Electron phonon coupling in (quasi)-two-dimensional structures within the first order theory is strongly constrained by symmetry, and the resulting deficiencies are manifested in a number of striking phenomena: electronic system dynamically decoupled from lattice, absence of totally symmetric phonons, Jahn-Teller theorem violation (with spontaneous symmetry breaking), insufficiency of the Kohn singularity conditions, nonlinear acoustic branches. Here presented analysis of layered structures enlightens that this phenomena are enforced in highly symmetric structures (including here superconducting CuO 2 sheet, atomically thin hexagonal boron nitride, graphene. e.g.).

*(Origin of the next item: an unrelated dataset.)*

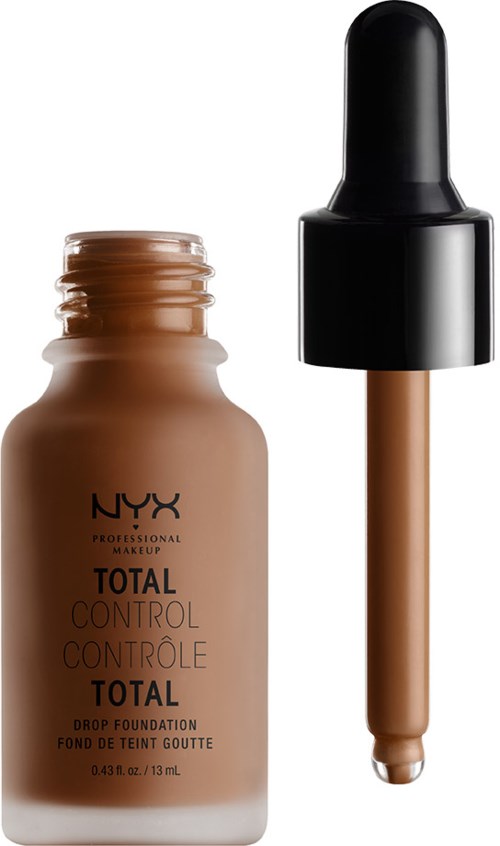 Eine Flasche NYX Foundation mit Tropfer, hellbraune Flüssigkeit, schwarzer Deckel.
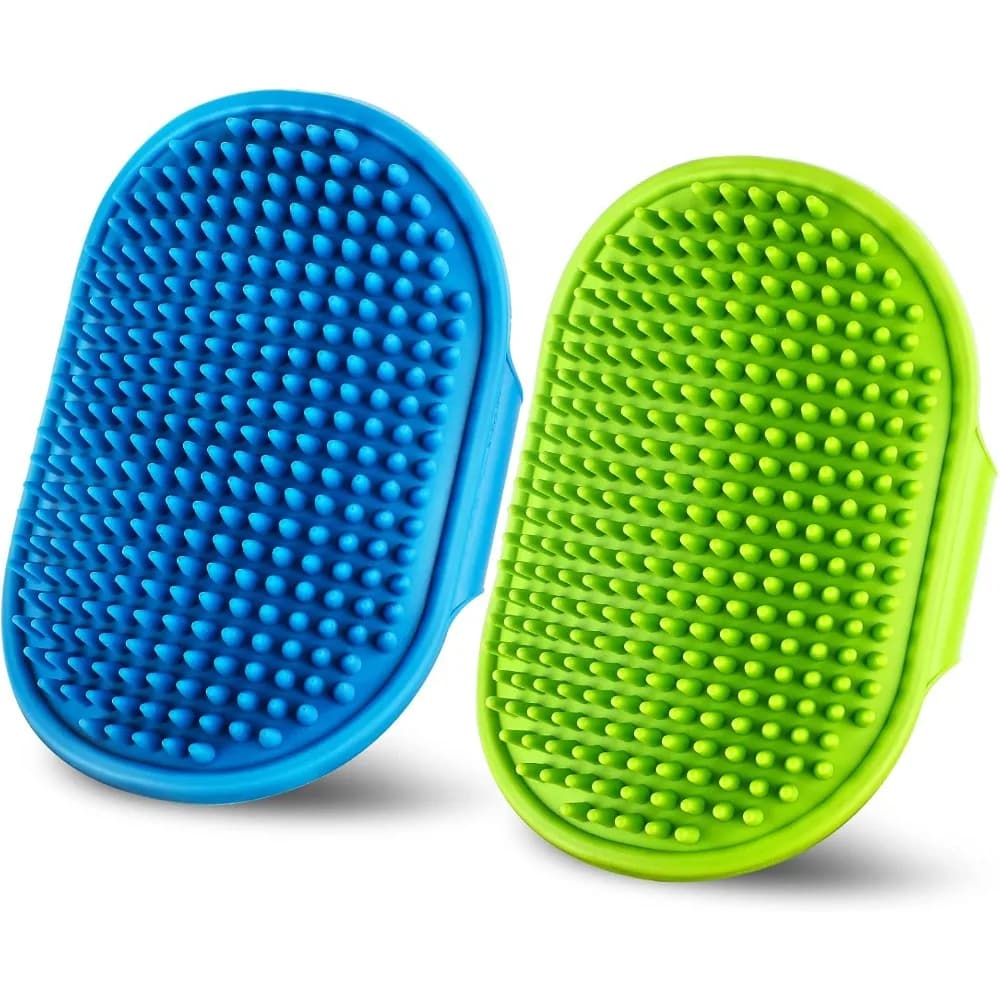 Professional Dog Grooming Brush Pet Shampoo Massage Bath Comb with Adjustable Loop Handle for Cats Dogs Short Long Hair Grooming Tool 2 Pack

General group theoretical results covering all possible quasi-two-dimensional crystal structures are illustrated on real materials, as well as on a few hypothetical compounds. • Unified insight to a number of exceptional characteristics of layer. • Significant deficiencies of electron-phonon coupling in highly symmetric layered structures. • Number of totally symmetric phonons reduced or annulled by symmetry. • Breakdown of Jahn-Teller theorem in highly symmetric layered structures: possible degenerate ground states. • Existence of the electronic states decoupled from the ionic subsystem. • Standard Kohn's requirement in some layers is not sufficient to cause anomaly (because of decoupled phonons). • Jahn-Teller breaking excludes Dirac cones in electronic dispersions.